Answer to Question 2 – It’s easy to think that our world will fall a part when we finally choose to live a life of integrity when we haven’t for so long. When we’re making decisions to bring the real me to the table for the very first time, our common sense may tell us to consider the cost and take delicate steps. As a man who can over think even the simplest of things, I encourage you to listen to your first mind and take that leap of faith and courage. No need to figure it out completely, write a dissertation on it or share it with ten friends, just step out and frickin do it.
Take baby steps at first.
I remember the first person that I confessed to that I was molested and the first person that knew how broken I really felt after my string of broken relationships. It was absolutely freeing! For us men, we don’t do this. We place a cork on every hurt and disappointment that we have ever experienced, and will profess that it doesn’t matter when we know that it really does. We’ll cope by turning to drugs, illicit affairs, meaningless sex, violence and others acts that are detrimental to ourselves and others.
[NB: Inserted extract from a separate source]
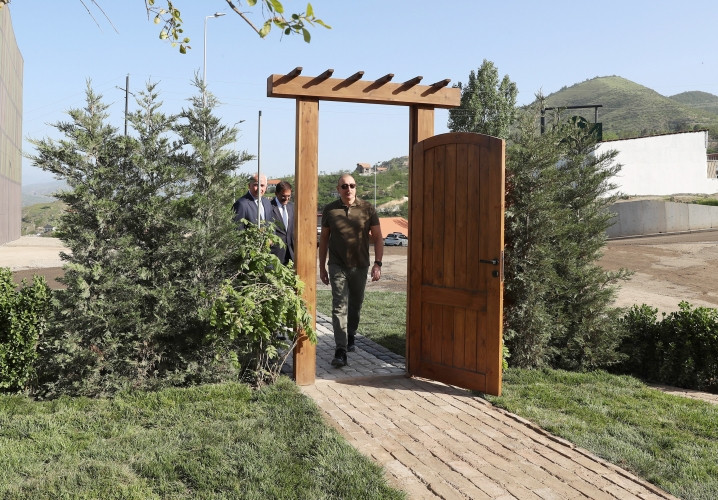 Prezident İlham Əliyev Laçında 1 Dekabr küçəsində lövhənin açılışını edib, bərpa olunmuş evlə tanış olub<font color=red> - FOTOLAR</font>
While these coping mechanisms may provide a temporary way of escape, they are also equally effective in keeping a barrier up so we can remain elusive, at bay and removed from the painful reality we’re trying so desperately hard to escape. Sad truth is it doesn’t work. It never works. Disclosing who I really am brings on freedom like nothing else can. It’s the truth we have heard of for so long that truly sets us free.
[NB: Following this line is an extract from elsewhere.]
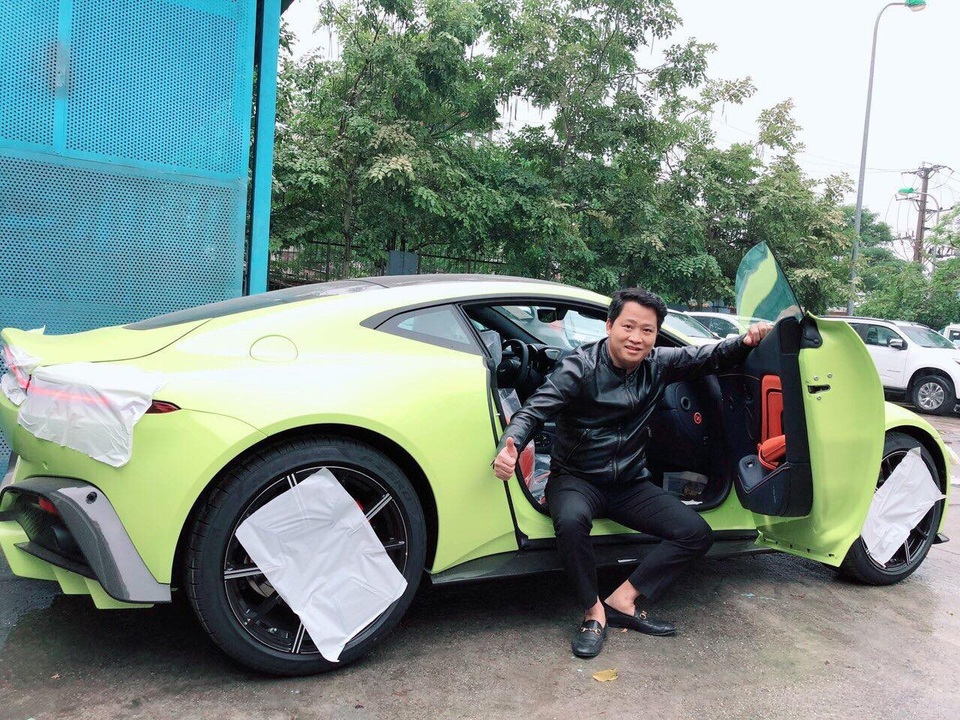 Đại gia Hoàng Kim Khánh lại chơi trội trưng dàn siêu xe “chẳng giống ai” - 2 Đại gia Hoàng Kim Khánh lại chơi trội trưng dàn siêu xe “chẳng giống ai” - 2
Answer to Question 3 – I’ve learned over the years that having a “Plan B” in place is quite common in most things we do. We’ve been taught as children that with college and career choices, we needed a “Plan B”. We always need to have something to fall back on just in case our first plan didn’t come through. This practice has carried over to serious relationships, even marriage. I recently saw an article on Facebook where a poll was taken on how many women had a backup “friend” in case their marriages didn’t work out.
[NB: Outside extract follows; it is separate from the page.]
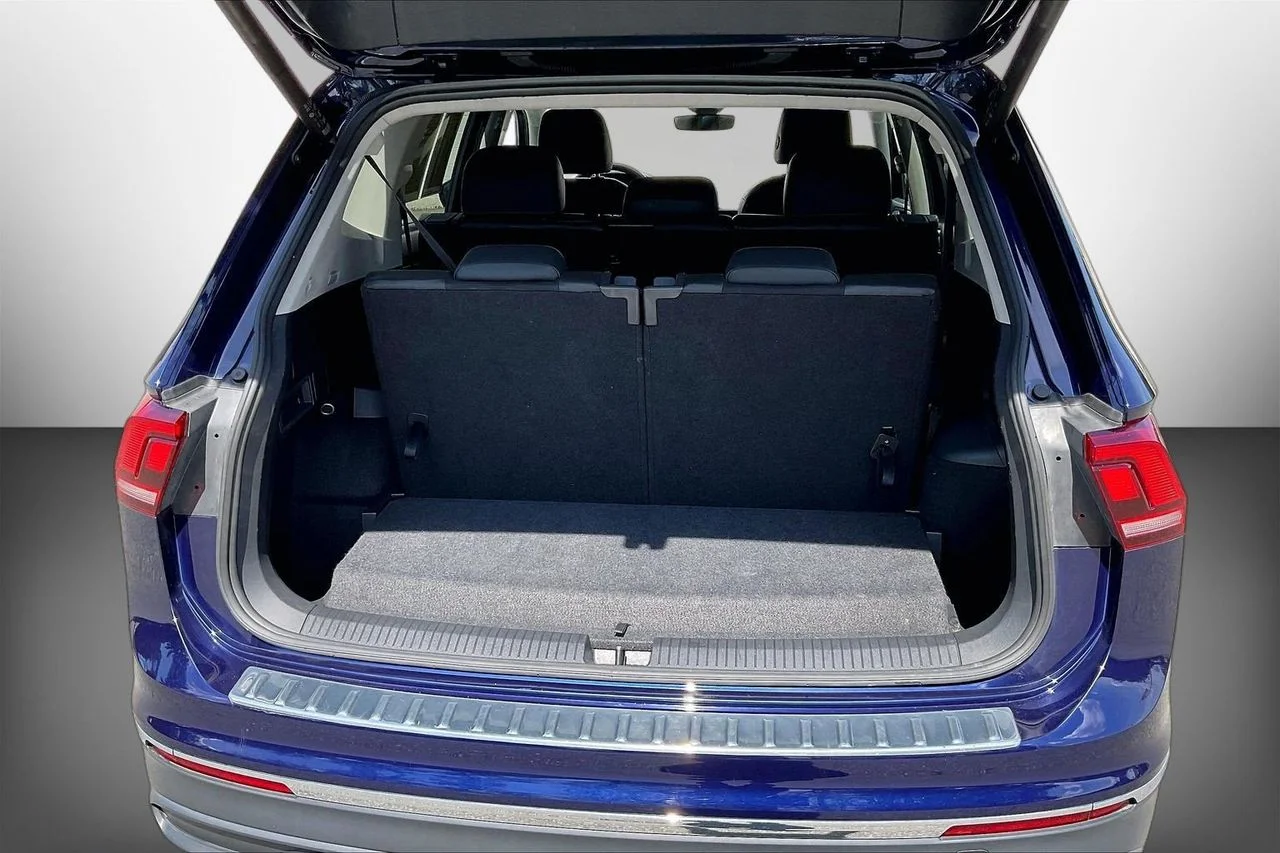 Used 2024  Volkswagen 2.0T Wolfsburg Edition image 25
A staggering 80% of the women polled, admitted to having someone there if their relationships were ever in trouble.
I imagine this is not just a women’s issue, but more a human issue. We will enter into relationships declaring our whole heart to someone, (I know this because I did it) committing our lives, time and future, essentially all that we are safe to share and know good and well we aren’t ready yet. We know that we have only revealed the best parts of us, even after a few years and we dare to take the relationship to the next level. What pain this will bring you! Ultimately, none of us want to be frauds or live a lie, but many of the pains of our lives have made it very comfortable for us to retreat to the person that seems most accepted in that particular moment. No one quite knows but us when we shift into that other guy or gal mode.
We smile and laugh the same, we still share in interesting exchanges and come across as very engaged, but something deep within us has checked out.
The familiar wall begins to rise and soon we’re projecting a limited version of who we are. “Plan B” is full effect at this time. For me it simply was easier to project this guy then to be explicitly open with the ones closest to me. My “Plan B” was my safety net and I had justified why I allowed it to exist, not realizing that it was suffocating those important relationships and my own personal growth.
Thankfully, as we continue to journey through life we find ourselves with opportunities to grow. These are typically the times when we have suffered a broken heart or some other type of tragedy. When we confess that we hurt, or that someone hurt us we can begin to own that pain and do something positive with it.
The pain is just the indicator, like a warning light on the dashboard of your car.
It’s our opportunity to heal by acknowledging the pain. It’s our opportunity to remove the walls that have effectively kept us watching life, versus doing life. Being afraid to tell someone who you really are is indeed a scary thing, but I have learned its scarier to live a life alone, a life alone with people all around you that are clueless to the real you. It’s time to step off the ledge my friends. Dare to believe that you can.